1984 Munster Senior Hurling Final
- Event: 1984 Munster Senior Hurling Championship
| Cork | Tipperary |
| 4-15 | 3-14 |
- Date: 15 July 1984
- Venue: Semple Stadium, Thurles
- Referee: J. Moore (Waterford)
- Attendance: 50,093

= 1984 Munster Senior Hurling Championship final =

The 1984 Munster Senior Hurling Championship final was a hurling match played on Sunday 15 July 1984 at Semple Stadium. It was contested by Cork and Tipperary. Cork, captained by John Fenton, claimed the title, beating Tipperary on a scoreline of 4–15 to 3–14.

==Match==
===Summary===
Regarded at the time as the 'best ever', the 1984 Munster final was a fitting game to celebrate the centenary year of the GAA. The game was a classic encounter, however, the final seven minutes have entered Munster folklore.
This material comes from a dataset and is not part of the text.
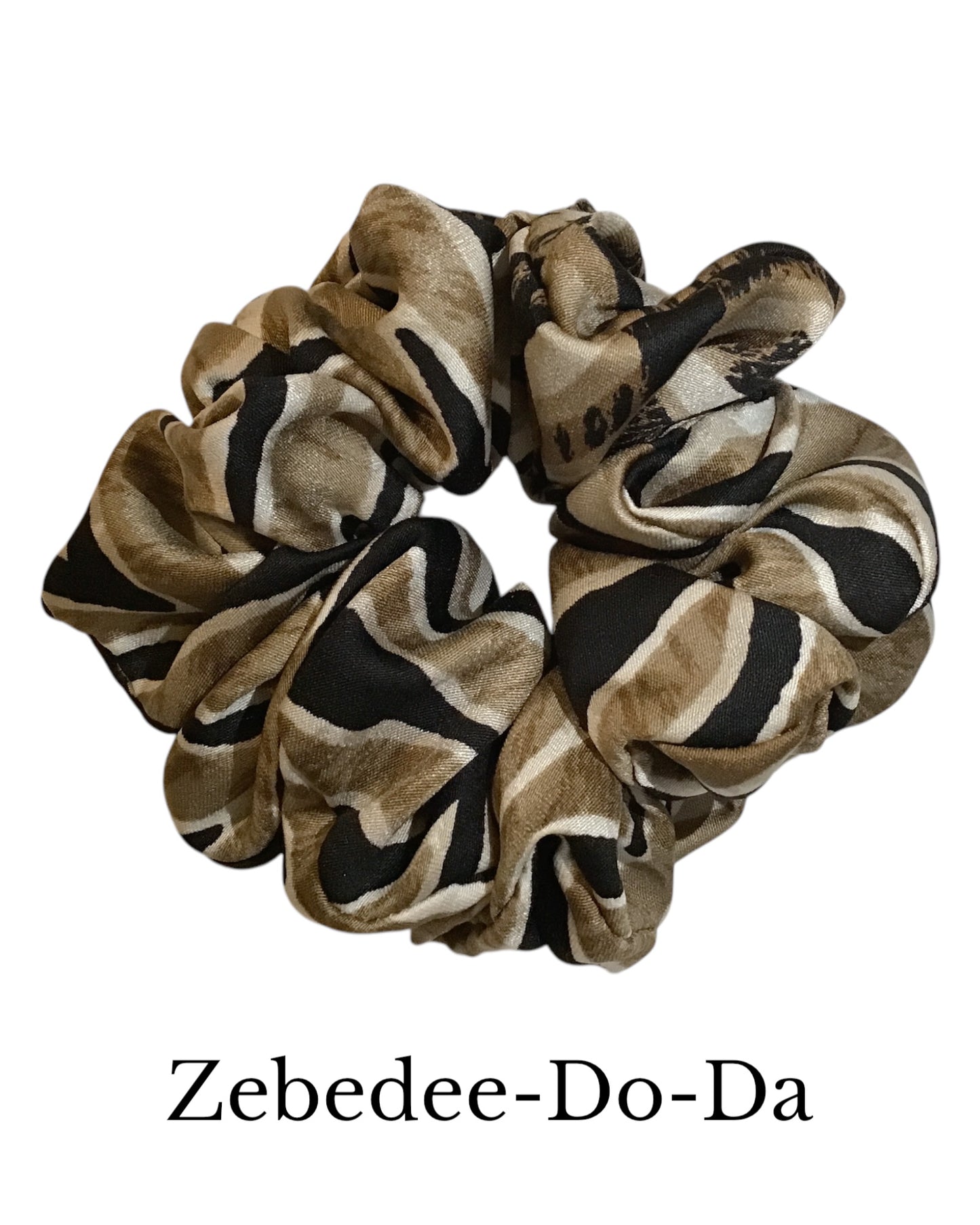 Zebedee-Do-Da. The Honey Scrunch X Large Hair Scrunchie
Cork trailed Tipp by four points with seven minutes left and the game looked lost. John Fenton launched the comeback with a point before Tony O'Sullivan sent the sliotar crashing into the net for an equalizing goal. A draw seemed likely, however, a Tipp attack was halted and turned into a Cork one. O'Sullivan tried for the winning point, however, his shot was stopped by the goalkeeper only to fall to the hurley of Seánie O'Leary who scored the winning goal. John Fenton tacked on an insurance point to give Cork the centenary year Munster title.